Dia juga menyampaikan PLN harus tetap menjaga keandalan listrik bagi konsumen PLTS atap karena sifatnya listrik yang dihasilkan intermittent serta listrik yang dihasilkan oleh PLTS Atap efektif di siang hari yaitu jam 10 sampai jam 14.
“Jelas ada beban cost yang harus disiapkan oleh PLN karena harus tetap menjaga pasokan listrik ke konsumen. Intemittency ini jadi permasalahan tersendiri karena akan menambah BPP listrik. Saat intermittent ini harus disiapkan pembangkit follower seperti gas atau diesel yang harus tetap standby. Jadi skema 1:1 tidak pas dan cendrung menguntungkan pihak-pihak tertentu.”ungkap Mamit.
Mamit juga menyampaikan bahwa saat ini kandungan TKDN PLTS maksimal 40 persen saja dimana justru akan lebih banyak impor yang dilakukan, dengan demikian multiplier effect tidak bisa dioptimalkan.
“Jangan sampai kita hanya menjadi pasar impor dan penonton saja.
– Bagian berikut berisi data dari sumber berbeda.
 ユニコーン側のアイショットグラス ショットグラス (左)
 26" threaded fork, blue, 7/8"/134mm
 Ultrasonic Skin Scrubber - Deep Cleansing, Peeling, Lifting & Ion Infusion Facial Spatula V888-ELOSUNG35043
Sayang, APBN kita akhirnya hanya mengalir ke produsen dan pengusaha solar panel saja tanpa ada potensi ekonomi yang dihasilkan, padahal kita punya potensi green energy di dalam negeri yang jauh lebih besar.” urai Mamit kembali.
Mamit juga menyoroti bahwa yang saat ini hanya golongan mampu saja yang bisa memasang PLTS Atap, karena memang harga PLTS Atap masih cukup mahal.
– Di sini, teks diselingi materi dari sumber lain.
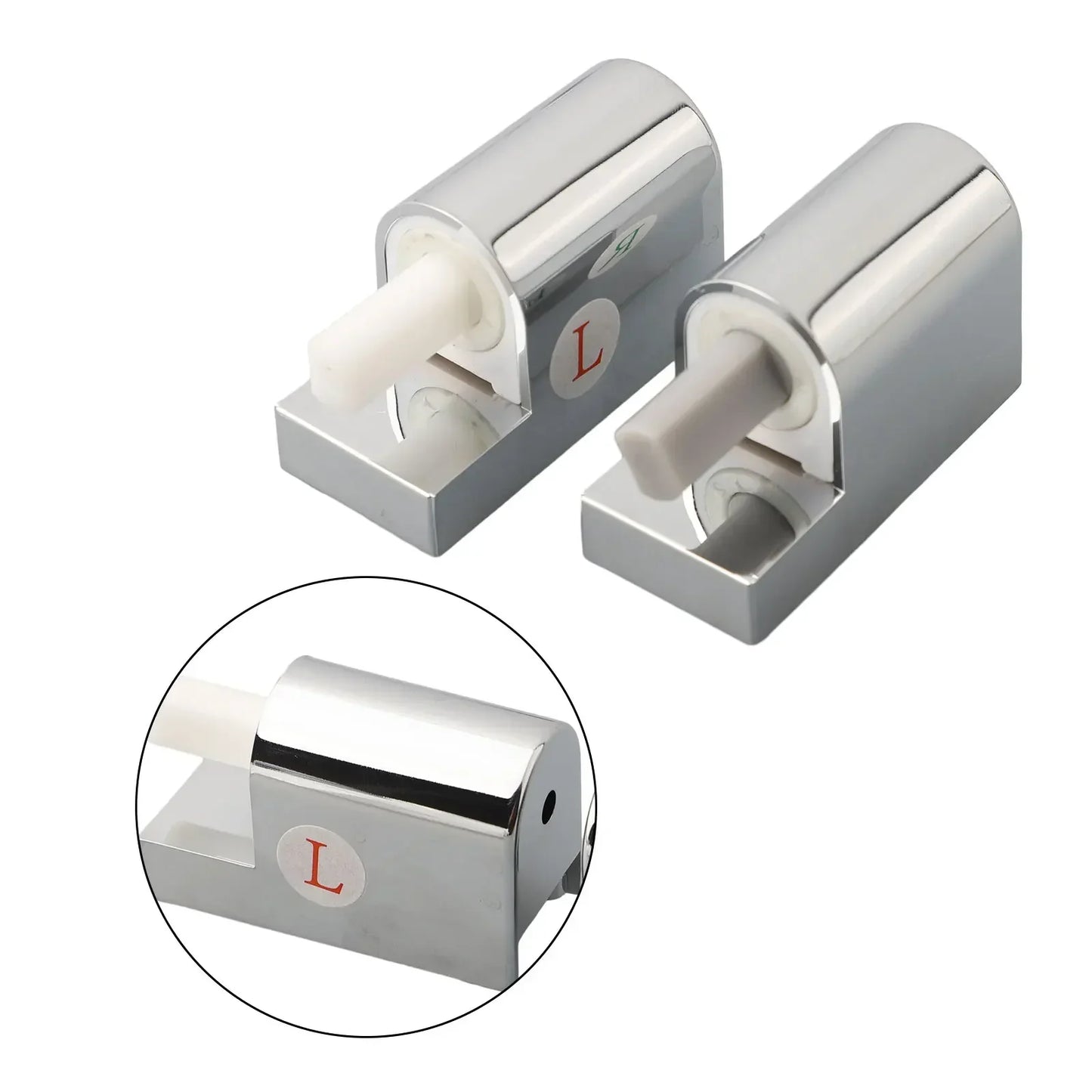 Soft Close Toilet Seat Hinge Replacement Set | ABS Top Fix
”Jangan sampai nanti ada kecemburuan sosial di masyarakat terkait dengan PLTS Atap ini, karena yang bisa menikmati adalah pelanggan dengan kapasitas yang besar.” tegas Mamit.
“Jadi revisi Permen ESDM No 49/2018 akhirnya hanya akan memberatkan PLN dan Negara dimana ini sebagai upaya mengejar bauran energi, padahal di negara maju saja masih tergantung dengan energi fossil.” pungkas Mamit. (SNU)
No comments so far.
Be first to leave comment below.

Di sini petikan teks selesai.